**Prompt**. From the line containing "Photo of property" through the end of the entries, please repeat every line exactly and nothing more; the pictures do not belong in the copy.

*** Opening of Material shown ***

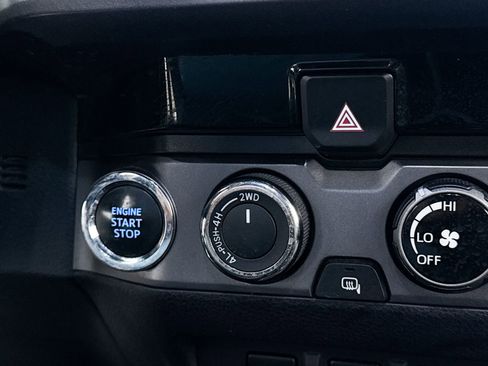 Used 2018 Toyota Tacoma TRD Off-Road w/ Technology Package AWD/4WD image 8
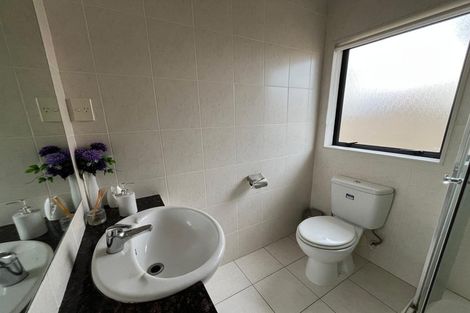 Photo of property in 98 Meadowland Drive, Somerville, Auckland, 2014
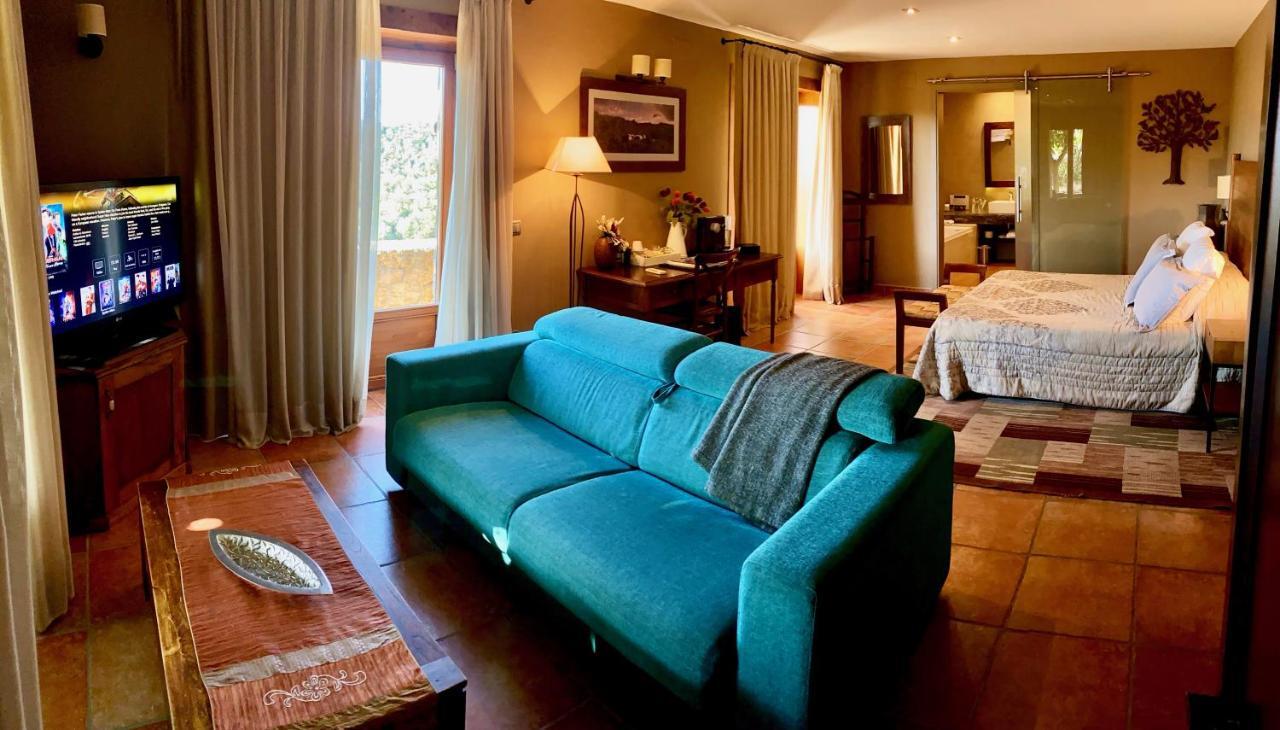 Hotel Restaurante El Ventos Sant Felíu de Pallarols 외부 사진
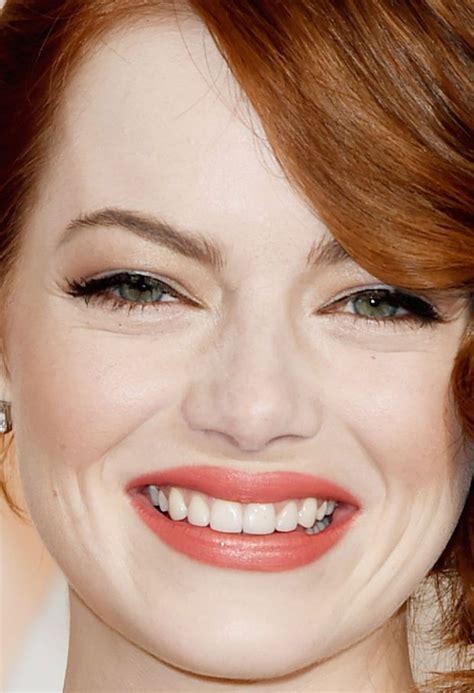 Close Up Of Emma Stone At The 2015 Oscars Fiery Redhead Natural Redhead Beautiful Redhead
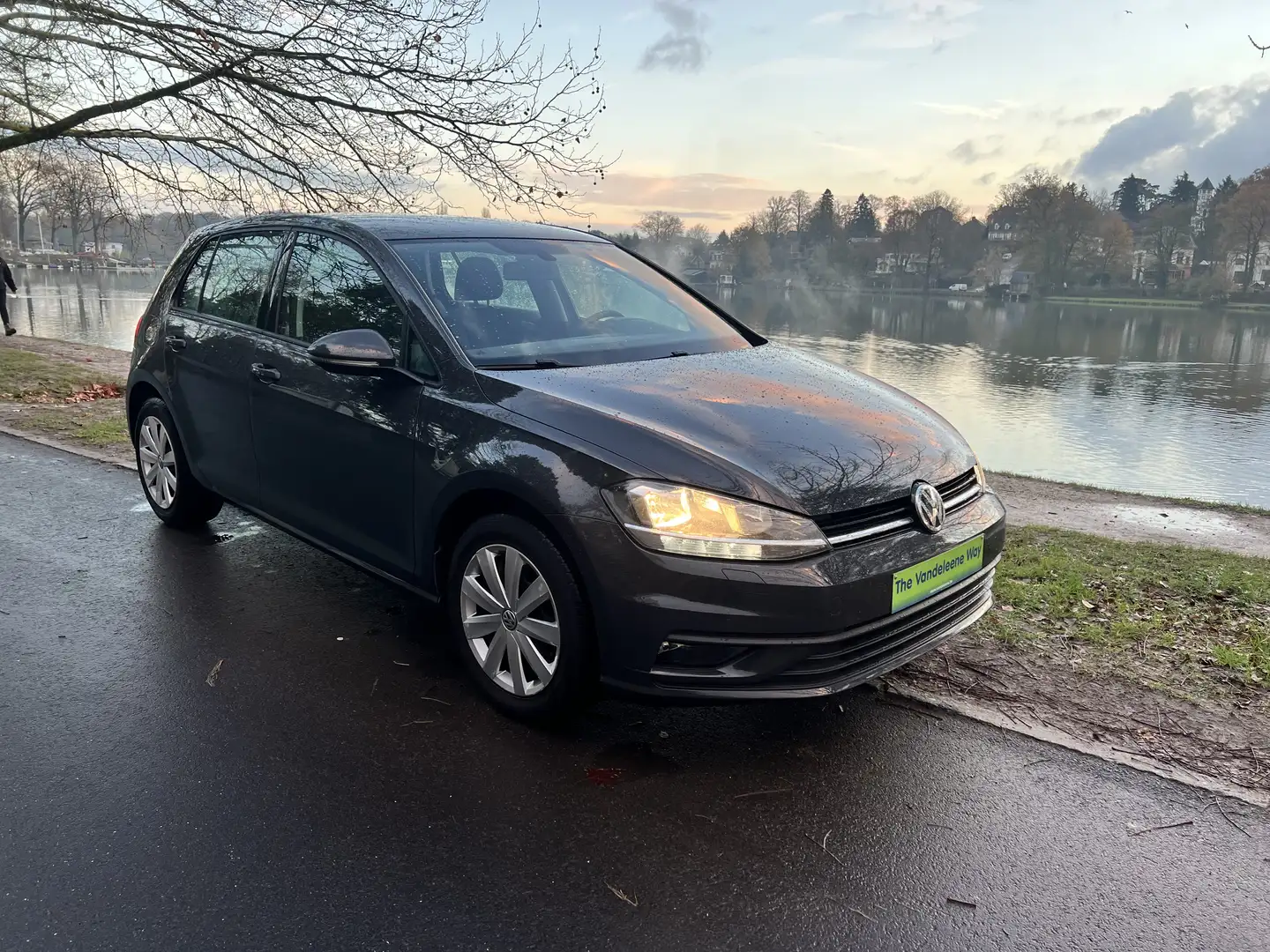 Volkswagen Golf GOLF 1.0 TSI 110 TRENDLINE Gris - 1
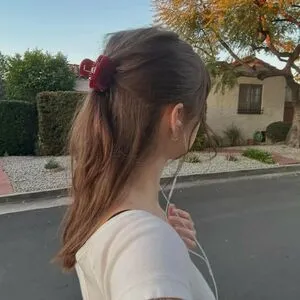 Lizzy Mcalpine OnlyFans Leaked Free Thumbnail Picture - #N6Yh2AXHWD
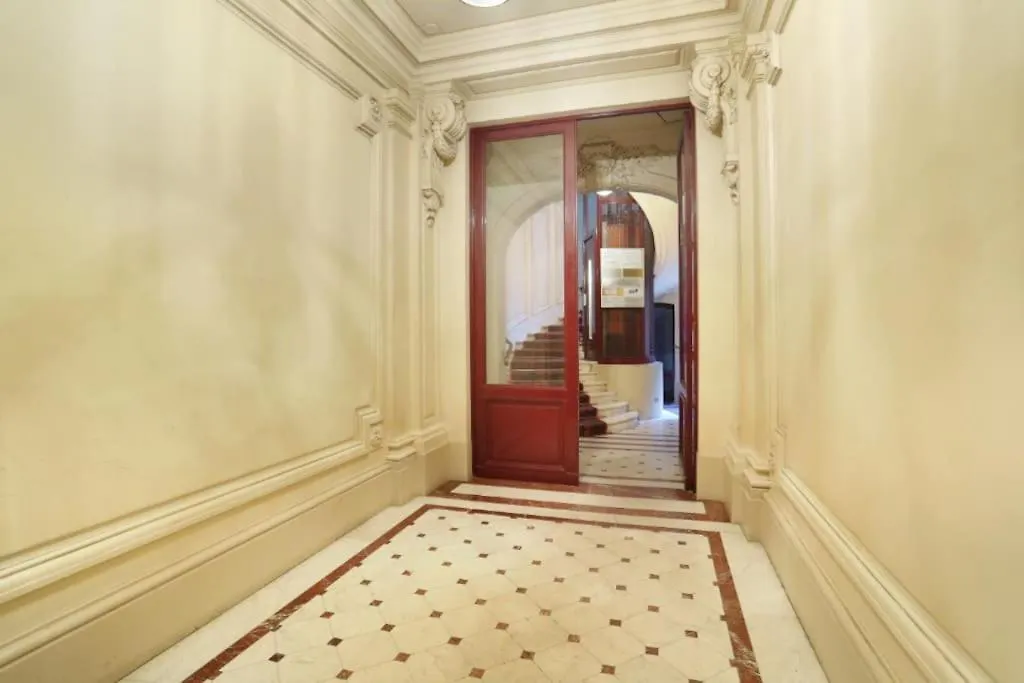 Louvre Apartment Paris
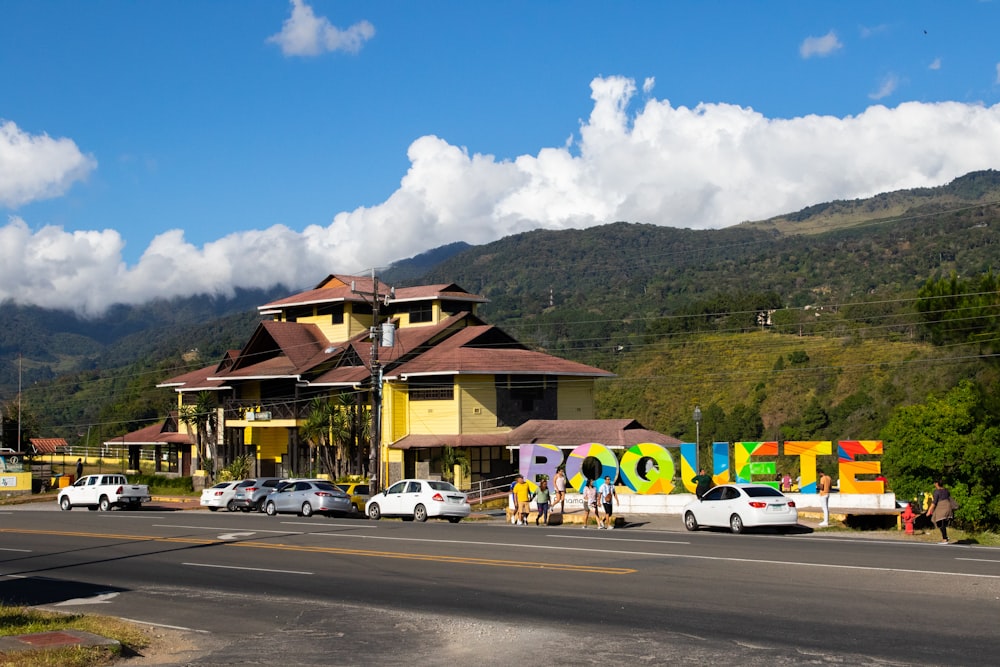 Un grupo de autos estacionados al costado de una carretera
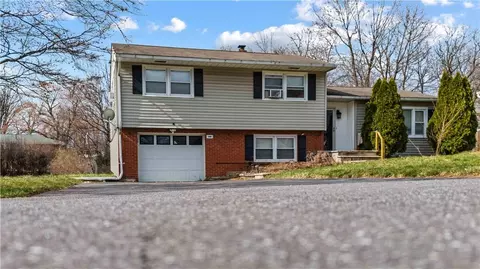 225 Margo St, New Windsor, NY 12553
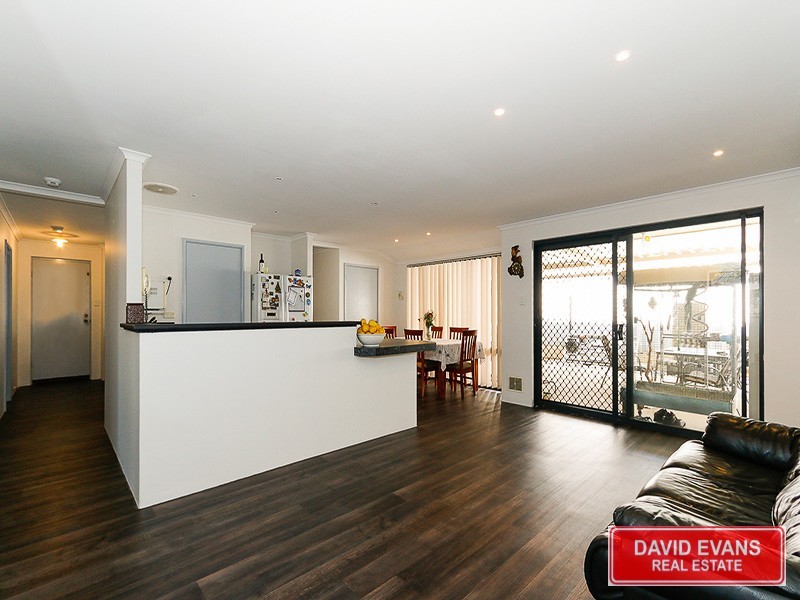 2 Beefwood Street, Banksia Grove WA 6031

*** Close of Material shown ***

**Solution**.
 Photo of property in 98 Meadowland Drive, Somerville, Auckland, 2014
 Hotel Restaurante El Ventos Sant Felíu de Pallarols 외부 사진
 Close Up Of Emma Stone At The 2015 Oscars Fiery Redhead Natural Redhead Beautiful Redhead
 Volkswagen Golf GOLF 1.0 TSI 110 TRENDLINE Gris - 1
 Lizzy Mcalpine OnlyFans Leaked Free Thumbnail Picture - #N6Yh2AXHWD
 Louvre Apartment Paris
 Un grupo de autos estacionados al costado de una carretera
 225 Margo St, New Windsor, NY 12553
 2 Beefwood Street, Banksia Grove WA 6031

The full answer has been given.